### Your instructions
Below is a listing; write it out exactly and drop any images from it.
----------
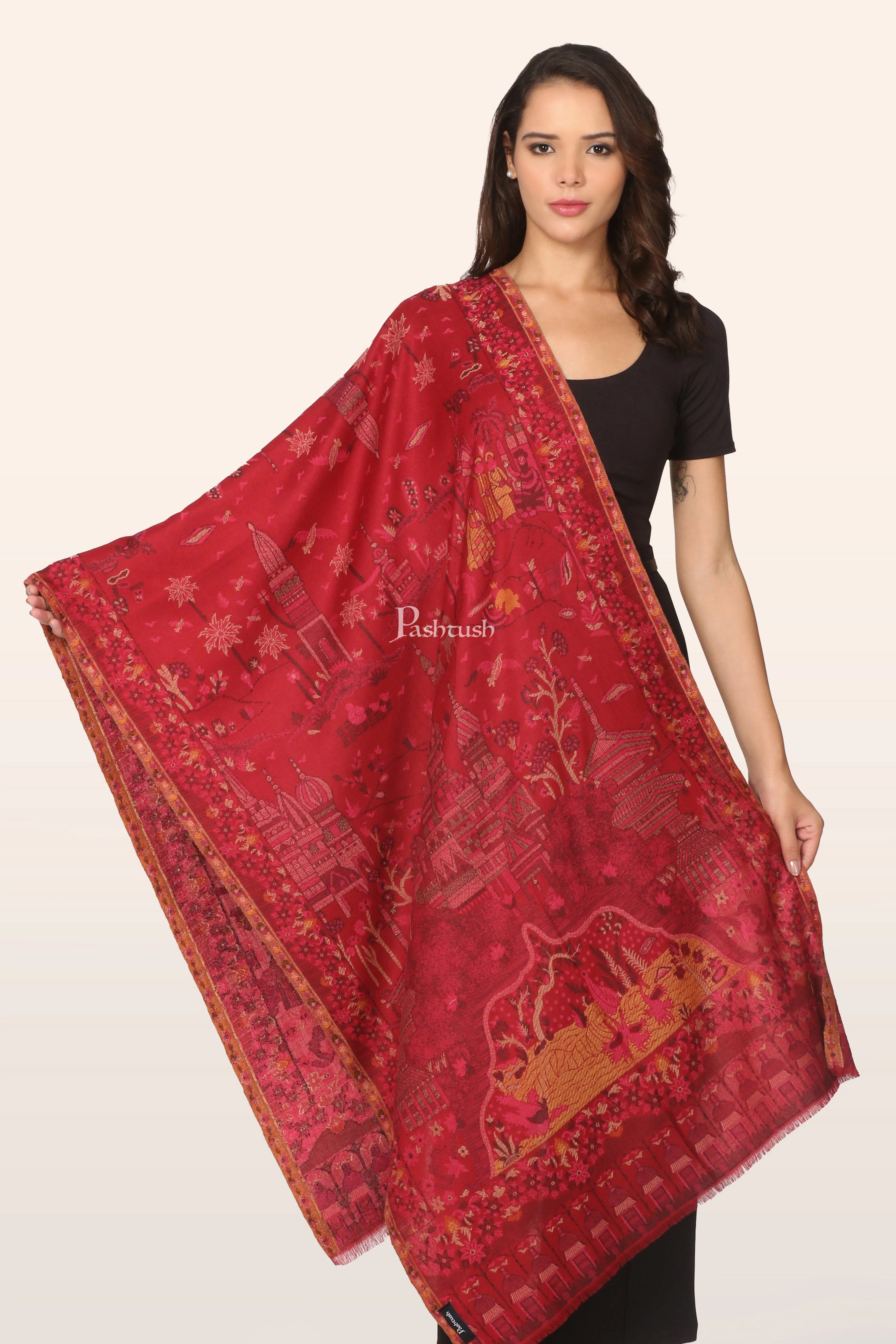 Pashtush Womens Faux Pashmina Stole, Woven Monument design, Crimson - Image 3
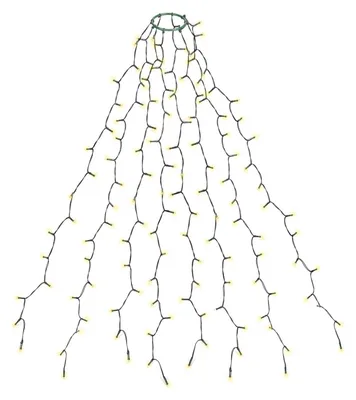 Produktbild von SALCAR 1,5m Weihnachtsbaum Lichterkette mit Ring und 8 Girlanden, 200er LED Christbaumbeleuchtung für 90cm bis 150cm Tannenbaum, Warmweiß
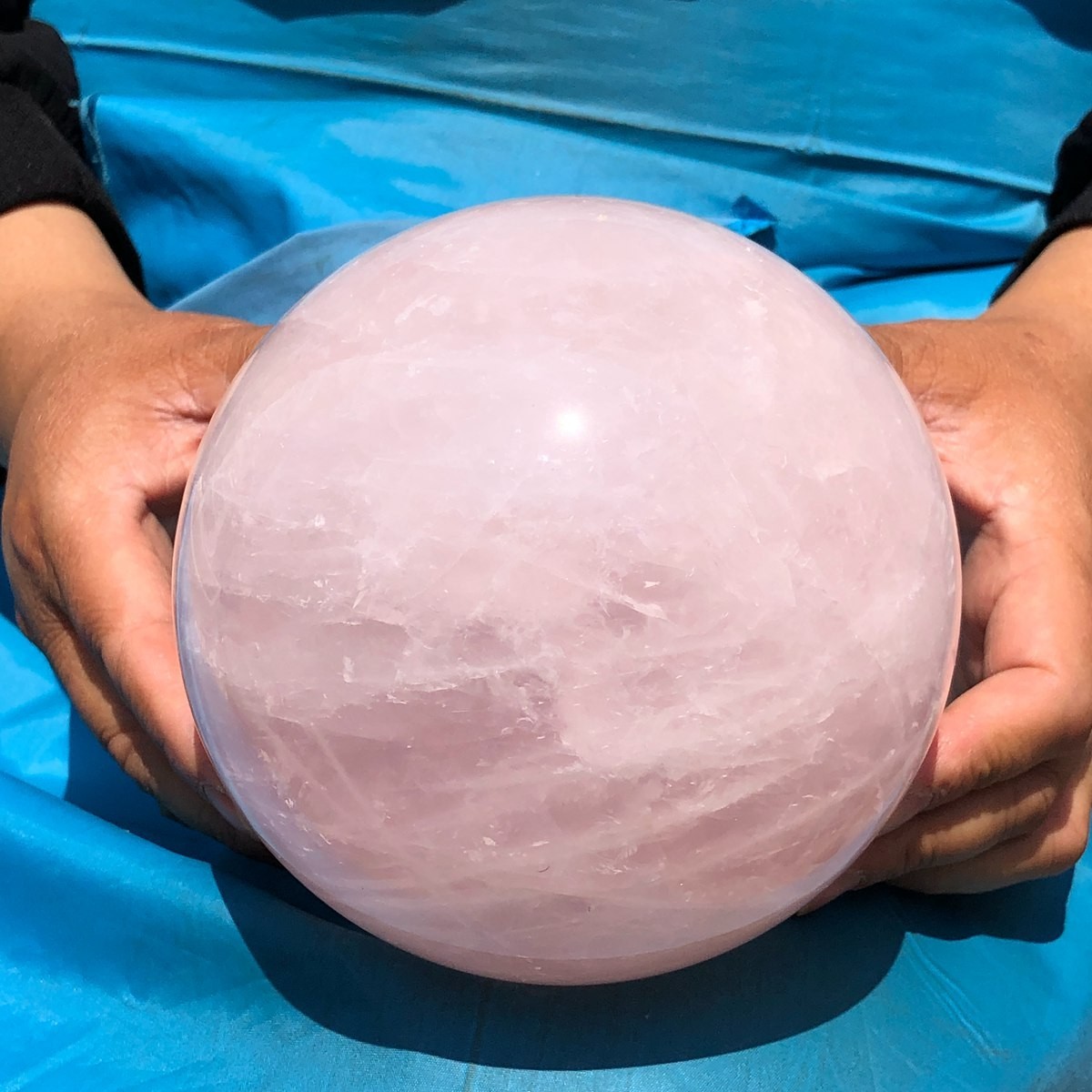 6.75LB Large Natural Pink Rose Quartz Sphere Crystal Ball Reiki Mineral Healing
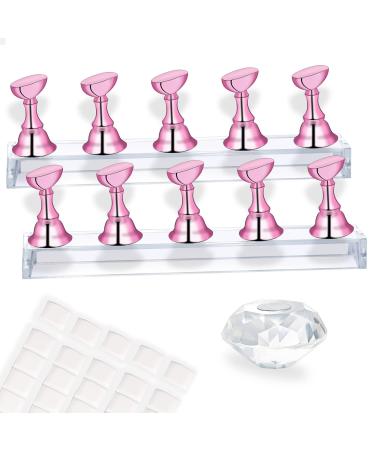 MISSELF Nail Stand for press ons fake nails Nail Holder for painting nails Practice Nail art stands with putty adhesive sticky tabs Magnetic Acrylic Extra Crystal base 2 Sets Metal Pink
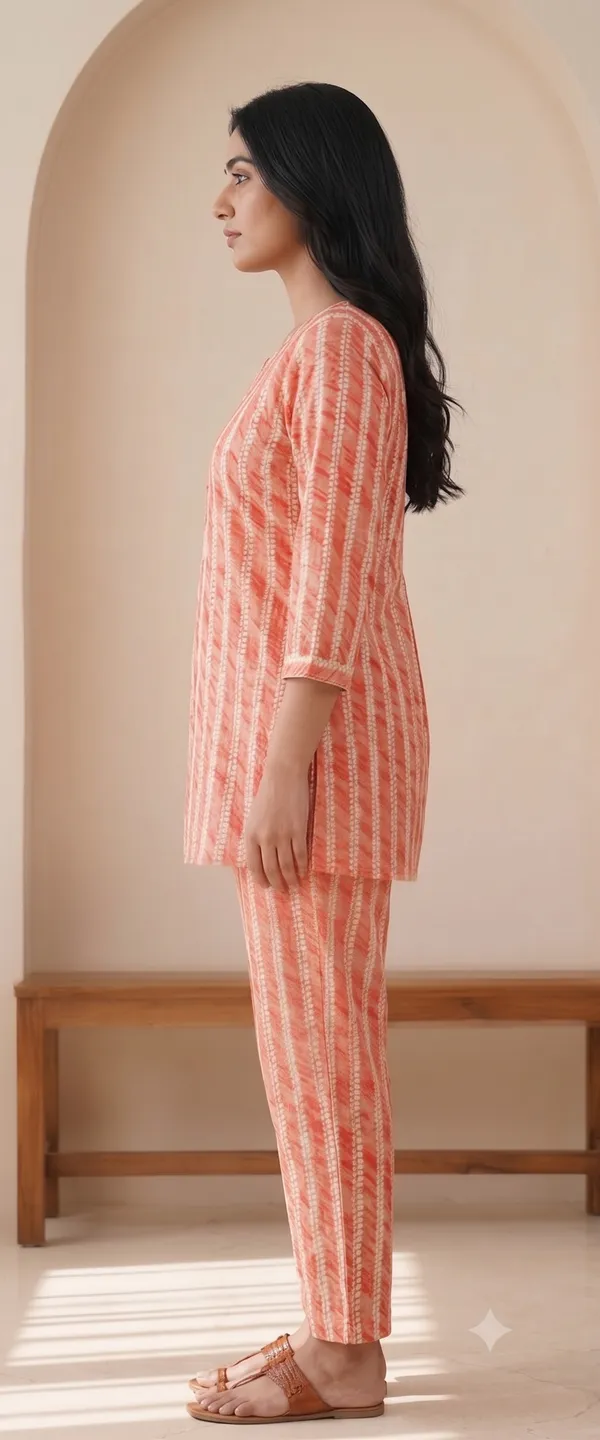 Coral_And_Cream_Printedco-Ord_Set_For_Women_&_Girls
----------
### Worked solution
 Pashtush Womens Faux Pashmina Stole, Woven Monument design, Crimson - Image 3
 Produktbild von SALCAR 1,5m Weihnachtsbaum Lichterkette mit Ring und 8 Girlanden, 200er LED Christbaumbeleuchtung für 90cm bis 150cm Tannenbaum, Warmweiß
 6.75LB Large Natural Pink Rose Quartz Sphere Crystal Ball Reiki Mineral Healing
 MISSELF Nail Stand for press ons fake nails Nail Holder for painting nails Practice Nail art stands with putty adhesive sticky tabs Magnetic Acrylic Extra Crystal base 2 Sets Metal Pink
 Coral_And_Cream_Printedco-Ord_Set_For_Women_&_Girls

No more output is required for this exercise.